Il fenomeno degli hikikomori sta prendendo sempre più piede anche in ITALIA; sebbene la nostra cultura sia differente rispetto a quella nipponica, le cause scatenanti casi di hikikomori sono molto simili. Le percentuali del fenomeno, ottenute grazie all’indagine del Dr. M. Crepaldi, sono molto allarmanti: si stimano all’incirca 100.000 casi presenti nel nostro territorio, ed il numero è in continua crescita. L’hikikomori, passando la maggior parte della sua giornata in camera, legge libri, guarda la tv, gioca ai videogame, naviga in Internet: ecco, forse è proprio grazie al web che questi individui riescono a non staccare completamente la spina col mondo. Entrando in contatto con situazioni simili alla propria, essi capiscono di non essere gli unici.
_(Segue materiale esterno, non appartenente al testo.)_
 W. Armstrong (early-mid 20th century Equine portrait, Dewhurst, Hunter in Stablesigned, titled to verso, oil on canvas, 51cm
I gruppi di auto-mutuo aiuto on-line ed in chat, attraverso la metodologia della condivisione della solitudine, rappresentano la nuova frontiera degli approcci terapeutici; perciò credo che la società abbia il dovere di puntare sul loro sviluppo, poiché di sicuro, attraverso il loro massiccio utilizzo, si potrebbero ottenere ottimi risultati nella lotta contro la solitudine stessa.